For years I heard Father’s dire warnings of investing in the stock market. I understand because The Olds lived through the Great Depression and World War II. The only safe thing to do with money was never spend it and put it into a reliable passbook savings account. I embraced and internalized that message too.
The other day I walked into the bank with his old, big green canvas deposit bank under my arm. The teller looked at it and me twice and finally asked, “Where did you find that?”
I explained it belong to my father who passed away over a quarter of a century ago, and it was still in good shape. Just to tease her I said, “I’m sorry, but I left my passbook at home. Can you just enter it into the ledger book?”
I’m not ashamed to admit if I see a penny on the ground I’ll pick it up. I don’t go in for this business about it being lucky, although I believe in a modified form of luck: The harder I work the luckier I am. Picking up a penny is a little bonus to be added to a collection of change I’ll put into the bank bag and add to my non-passbook savings account. That is sort of great luck in this era of inflation.

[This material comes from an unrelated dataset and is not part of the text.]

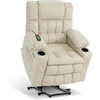 image:imageMCombo Small Dual Motor Power Lift Recliner Chair for Petite Elderly 7893  Heat and Massage Zero Gravity Lift Chair Infinite Position Lay Flat USB Ports Faux Leather Small BlueCream White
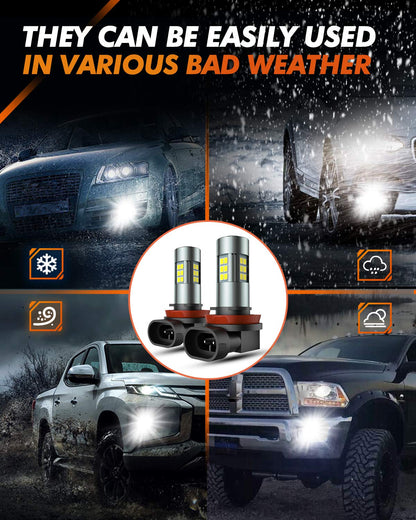 SEALIGHT H11/H8/H16 Bombillas LED Antiniebla 6000K 360° Iluminación Real 400% Más Brillo, Blanco, 2 Piezas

Turning into my parents? You mean doing things like going to a restaurant shortly after they open for the evening because we want to enjoy our dinner before it gets too noisy? Or wincing when a perky member of the wait staff practically pats me on the head for being such a good boy by making such an “excellent” choice off the menu. She did it again after I said I would have water with my meal.
When Perky returned within seconds after putting the plate in front of me to ask “how are the first bites?” I said I hadn’t tried the food yet; I was still cleaning the cutlery with my napkin. I’m sure the dishwasher had done a good job, but The Olds never took chances and lived long lives. I do it just because I want to be careful.
I still have Uncle Corwin’s storm coat, a heavy wool number with wide lapels. There’s no reason to get rid of it because it will never wear out. He died in 1950, and a Truman campaign pin was still on the lapel from two years earlier. Maybe he was saving it for 1952.
So far all threads and buttons are present and accounted for so I sometimes wear it. The Olds’ admonition of “waste not, want not” echoes through the brain when I do so.
Turning into my parents? Who would object? Is it because I use phrases like “long distance call” when “dialing” someone on the telephone? Or if someone is repetitive I’m known to say that they are “stuck like a broken record” which makes no sense to someone born after the age of 8-tracks and cassettes. It confuses the next generations.
I would be happy to return to my parents’ era, especially when Madame asks me to pick up laundry detergent with a specific name and I’m confronted by a full aisle of that brand divided into 20 subsections.
I asked the laundry detergent department’s deputy assistant manager about why they carried so many varieties. “Choices” was the basic response. That fellow might go far and in another decade or so get promoted to full department manager because of his diplomatic answers.
Frankly, I don’t think all those choices are a necessity. It takes too much time trying to debate whether she wanted me to get the plastic jug with Alpine Valley Scent or Tropical Breezes. I know she likes avocados, but I am not certain I want my socks smelling like a bowl of guacamole.
As for the Alpine Valley Scent, we all know those mountains have lots of wild animals and not a latrine among them. I’m not so certain of that aroma. It bring a whole new meaning to the old adage of “better living through chemistry.” There is elegance in simplicity even when it comes to laundry soap. I went for the jug that said “traditional” on the front.
On the subject of laundry, The Olds were well ahead of their time. They had an environmentally-friendly clothes drier that used both wind and solar power. It was so effective there was no need for Alpine Valley Scent detergent. It was a clothesline.
A few generations ago these were common. Then came the electric or gas dryer and clotheslines were put into retirement.
Sure enough, they’re back again because so many people want to do their part for the environment. It’s also a stab against galloping inflation. You know, waste not, want not.